Identifying Memory Bottlenecks

In Thunder, the PostStore maintains a large in-memory cache of recent posts. If you notice high memory usage, check the PostStore stats logger which is automatically started in serving mode:

Look for "PostStore stats" in the application logs.
Monitor the GET_IN_NETWORK_POSTS_EXCLUDED_SIZE metric to see if too many candidates are being filtered out early, which indicates inefficient retrieval.

Profiling Phoenix (JAX/Python)

The Phoenix ranking and retrieval models are built using JAX and Haiku. Performance issues here usually stem from XLA compilation or GPU/TPU utilization.

1. Using the JAX Profiler

To profile the RecsysModel during inference, use the jax.profiler API. This allows you to see the execution time of specific transformer layers.

import jax

# Start the profiler server
jax.profiler.start_server(port=9999)

# Alternatively, wrap a specific execution block
with jax.profiler.TraceAnnotation("inference_step"):
    output = model.apply(params, batch_embeddings)

2. Analyzing XLA Compilation

If the first request to the "For You" feed is extremely slow, it is likely due to XLA compilation. To debug this:

Set the environment variable XLA_FLAGS="--xla_dump_to=/tmp/xla_dump".
Run the model.
Analyze the generated HLO files to identify expensive operations or fusion failures in the transformer block.

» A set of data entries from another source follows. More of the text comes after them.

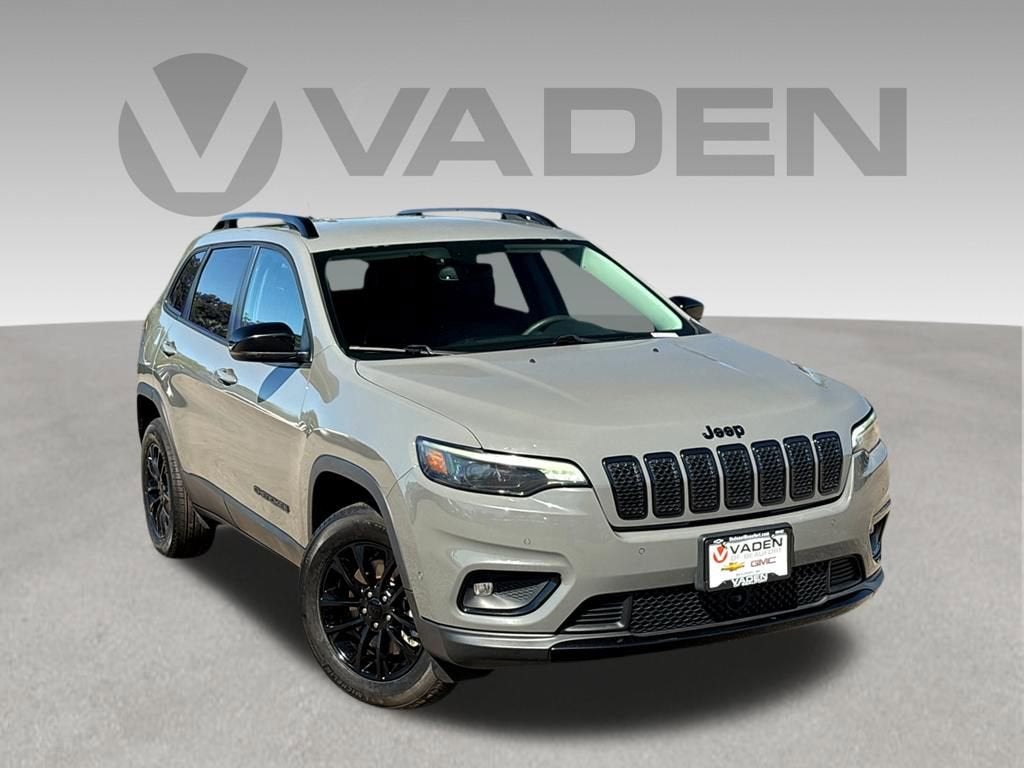 2023 Jeep Cherokee Altitude Lux 4X4's photo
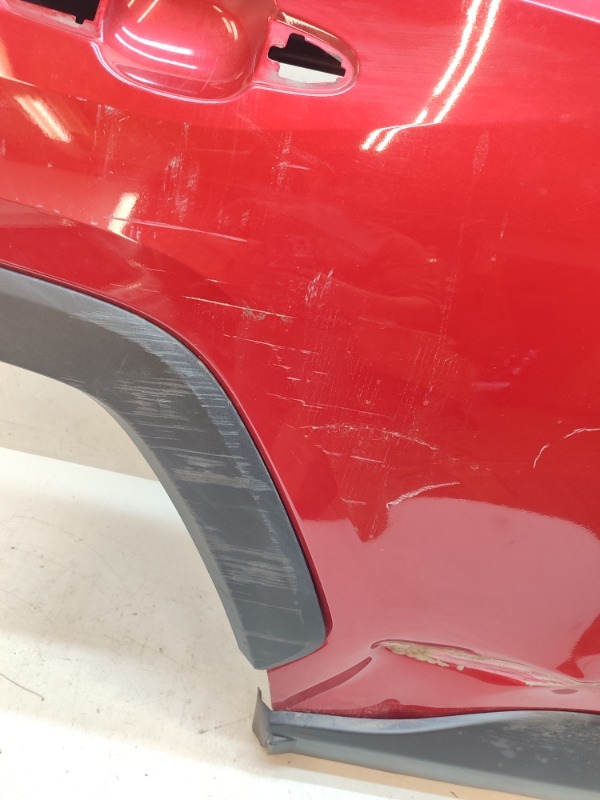 Дверь задняя правая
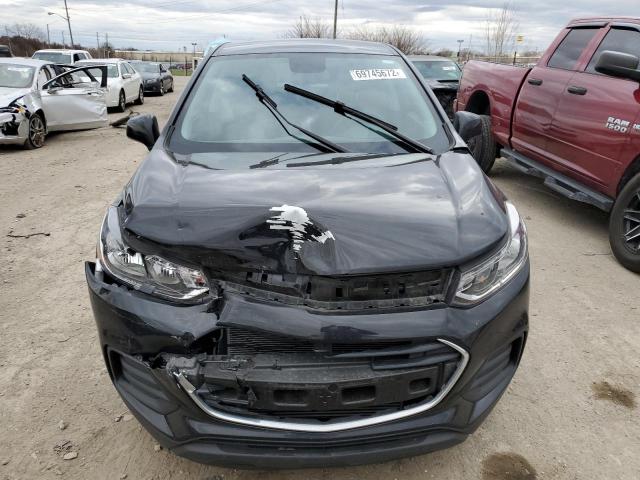 Photo 5 from auction – 2020 CHEVROLET TRAX LS with VIN KL7CJKSB4LB028989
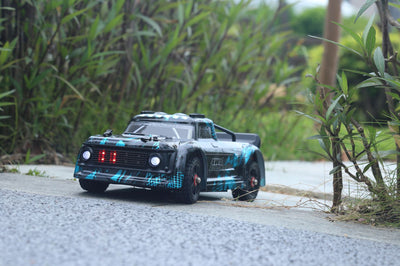 Auto de Carreras RC con Control Remoto - Drift Pull Level - Image 9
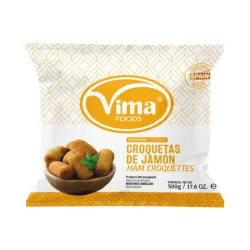 CROQUETA DE JAMON VIMA🧆
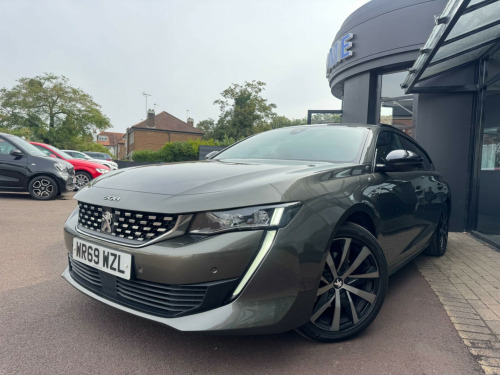 Peugeot 508 SW  1.5 BlueHDi GT Line EAT Euro 6 (s/s) 5dr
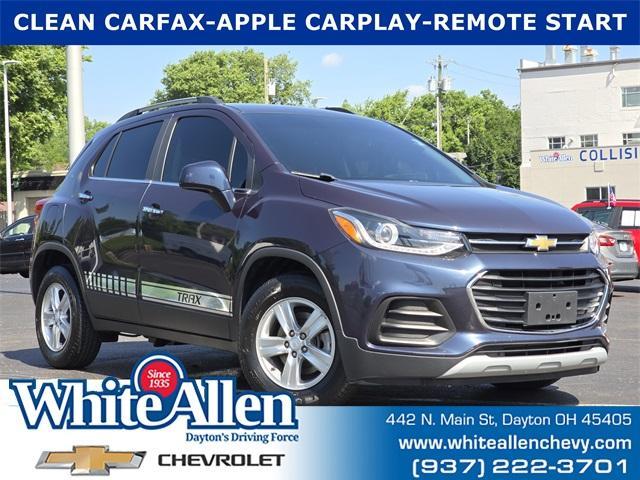 used 2019 Chevrolet Trax car, priced at $13,500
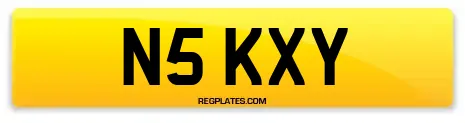 N5 KXY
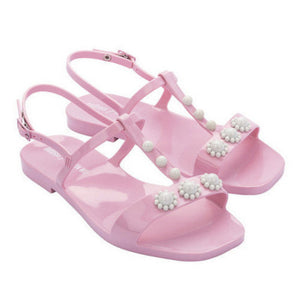 Melissa Essential New Femme + Jason Wu Ad Pink White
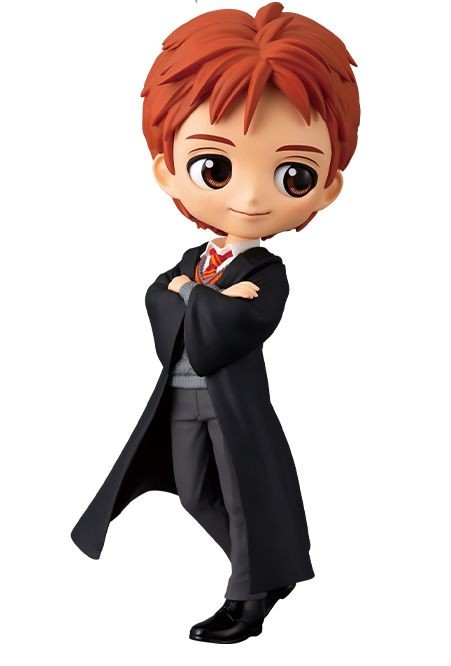 Harry Potter - Fred Weasley - Q Posket - Normal and Rare Color ver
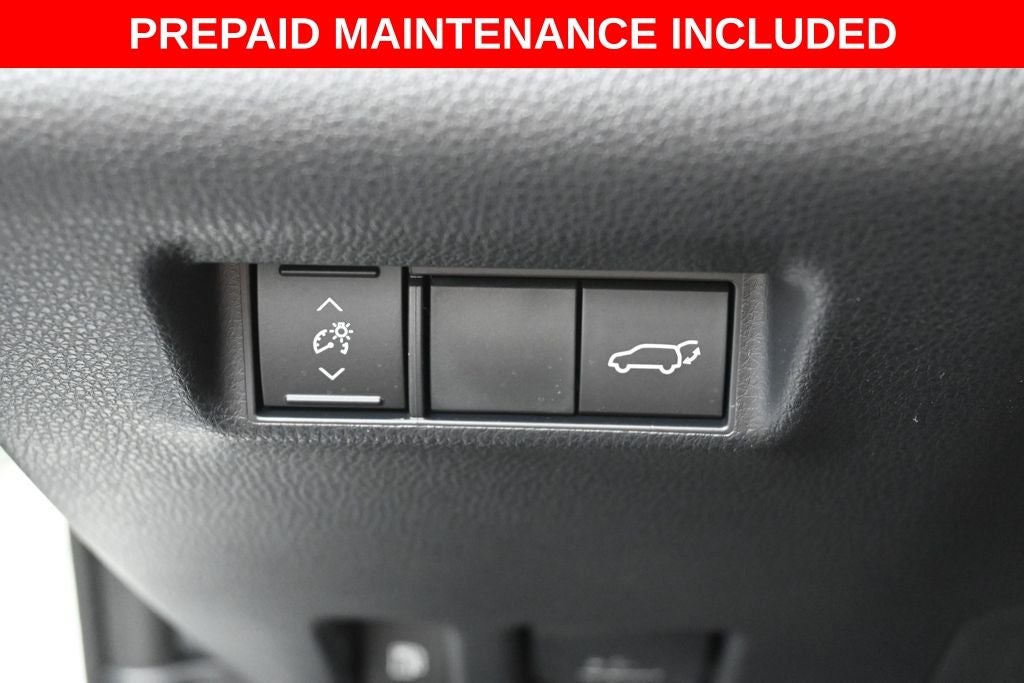 2026 Toyota RAV4 Plug-In Hybrid GR Sport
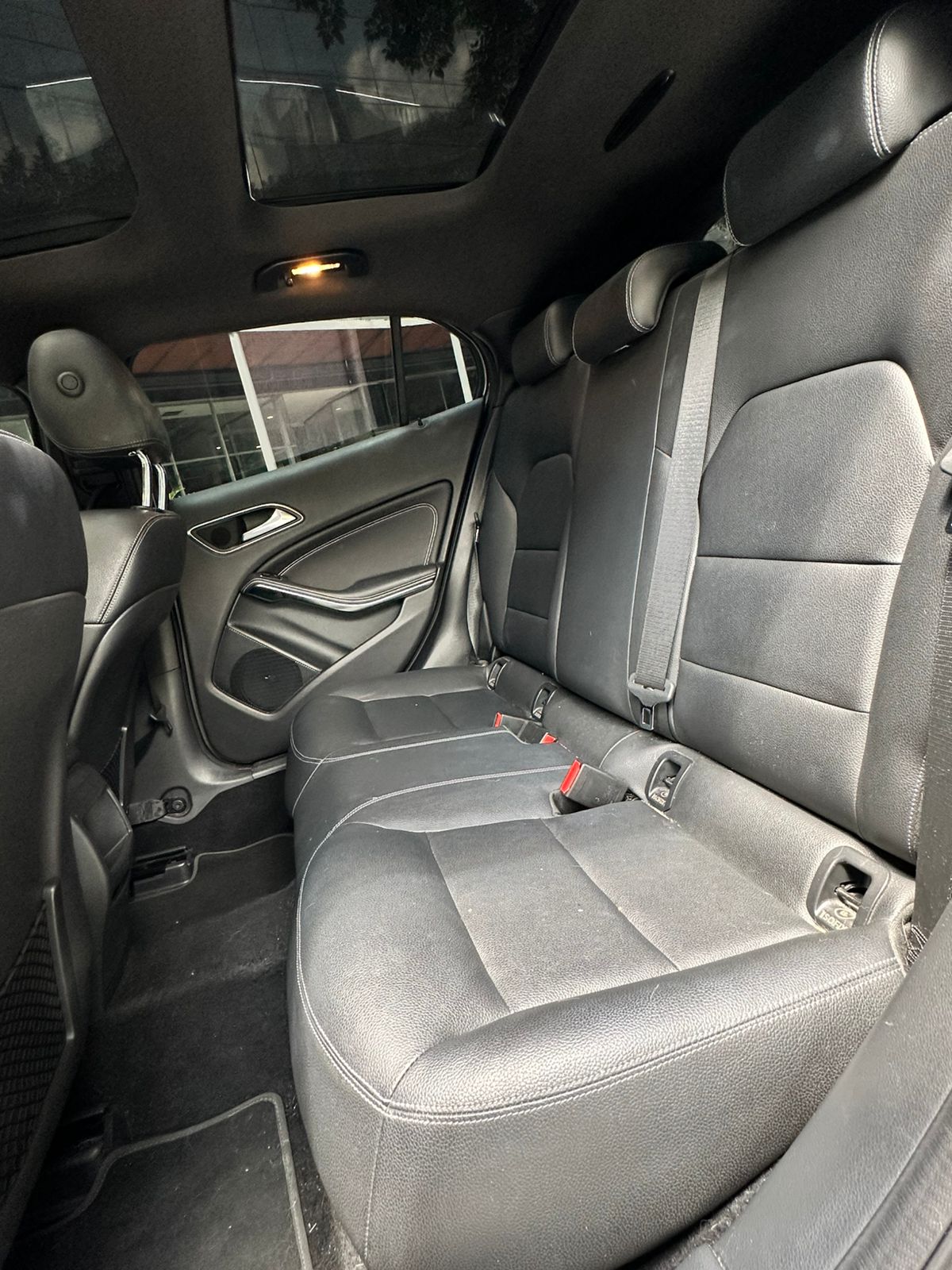 Mercedes Benz GLA 200 2016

Monitoring Real-time Metrics

Both Thunder and Home Mixer export high-level metrics that should be monitored during profiling to correlate performance spikes with specific system behaviors.

Adjusting Concurrency Limits

If you see a high number of REJECTED_REQUESTS despite low CPU usage, you may need to increase the --max-concurrent-requests argument in Thunder. This setting controls the semaphore that prevents service exhaustion during retrieval spikes.